Stocking (1989) compares BILOG to LOGIST unfavorably (26-28, 45) and details serious estimation problems in LOGIST (41-45). In particular: When analyzing data generated to fit the 3p model, "It is somewhat startling to find that changing starting values for item discriminations has such a large effect on the standard LOGIST procedure (24)." and "Running LOGIST to complete convergence allows too much movement away from the good starting values (25)."

More serious, "While there is no apparent bias in the ability estimates when obtained from true item parameters, the bias is significant when ability estimates are obtained from estimated item parameters. And in spite of the fact that the calibration and cross-validation samples are the same for each setting, the bias differs by test (18)." Stocking underlines this statement as well she might since it is only estimated item parameters that are available in real practice!

The startling magnitudes of bias found by Stocking are shown in her Figures 3-7 (56-60), Figures 21-23 (74-76).

3. Guessing cannot and need not be estimated as an item asymptote. Guessing is inapt as an item characteristic. When guessing occurs, it is a person response anomaly, manifested occasionally by a few individuals on a few items which baffle those few persons (Wright, 1977, pp. 110-112).

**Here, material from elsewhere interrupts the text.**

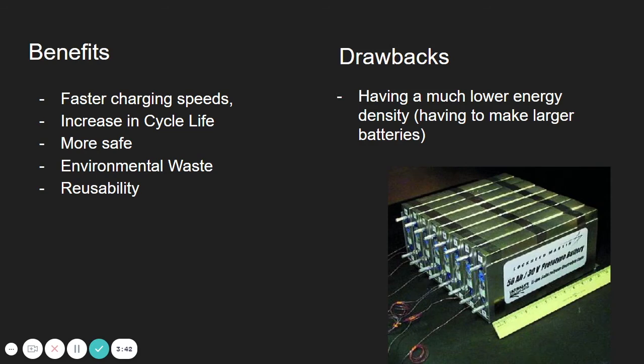Some of the benefits of lithium titanate batteries include faster charging speeds, a longer cycle life, greater safety, less environmental waste, and more reusability. One of their drawbacks, however, is that they have a much lower energy density, which means that the batteries tend to be larger.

Only recurring lucky guessing on multiple choice items disturbs measurement. But when guesses are lucky, the consequences in the responses of the lucky guesser are clearly visible as improbable right answers. Whenever something must be done about the few lucky guesses which actually occur in multiple choice item response data, the few persons responsible for those occurrences are easy to find and reasonable corrections for any interference with measurement are easy to apply (Wright & Stone, 1979, pp. 170-190).

4. Variation in item discrimination is not only impossible to estimate without arbitrary impositions (because cross-weighing observed responses by ability estimates when discrimination is estimated and then by discrimination estimates when ability is estimated produces a regenerative feedback which escalates to infinity (Wright, 1977, pp. 103-104)) but, more devastating, modeling variation in item discrimination denies the development of construct validity because then the meaning of the variable cannot be based on item difficulty ordering. No fixed maps of item difficulty hierarchy and hence construct definition can be made because variation in discrimination forces the hierarchy of item difficult to vary with person ability. Variation in item discrimination causes ICC's to cross. But when ICC's cross, there is no unique item ordering on which to build construct validity or set standards. Construct validity and criterion meaning disappear.

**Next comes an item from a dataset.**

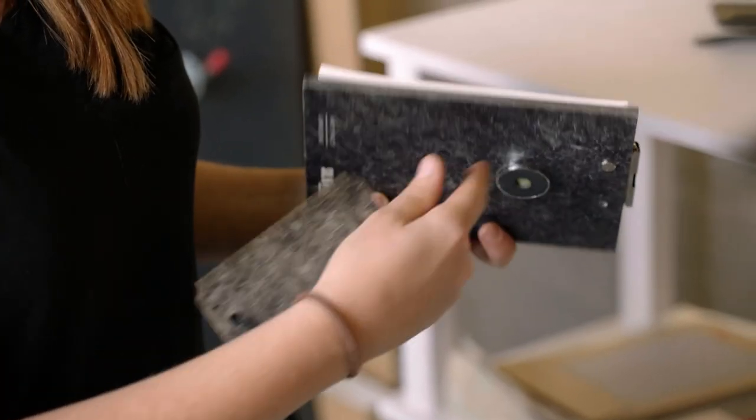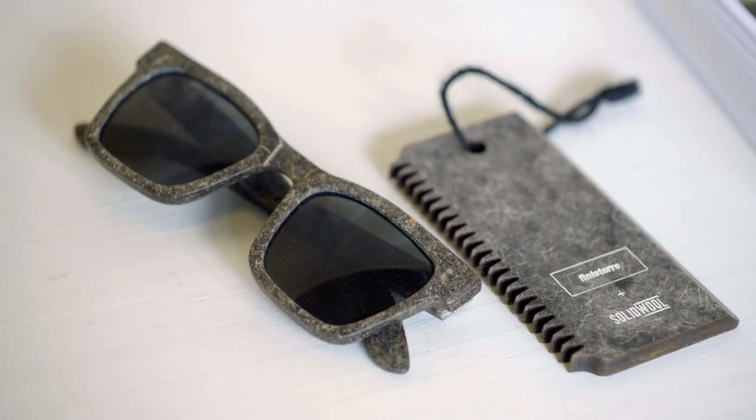Hannah has now joined Justin full-time and, together, they recently produced their 100th chair, as well as some rather interesting prototypes.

5. What this means for practice is that:
a. Whenever one counts on raw scoring, i.e. counts right answers or Likert scale categories, then one is collecting data from which only a Rasch model can construct measures.
b. Whenever one estimates a regression analysis, growth study, t-test or means and standard deviations, one requires quantification of the dependent variable sufficiently linear and invariant to justify the arithmetic, i.e. one requires measures of the kind only Rasch models construct.
c. Whenever one aspires to understand the construct meaning of one's variables in terms of the calibrated item content by which they have been defined then one has decided to work with a model which specifies that the ICC's do not cross, i.e. a Rasch model.

6. The purpose of test analysis is not to serve the test or the variety of good and bad items which happen to fall into the test. The purpose is to serve the measurement of the child taking the test. This means:
a. Using a measurement model which establishes a clear, simple and maintainable definition of good measurement. [When one uses 3p to recalibrate the same test over samples of varying ability (an exercise any test analyzer can easily perform), the 3p estimates of discrimination and guessing are conspicuously incoherent. And even the 3p item difficulties are unnecessarily disturbed when compared with the same pair of recalibrations done by a Rasch model analysis.]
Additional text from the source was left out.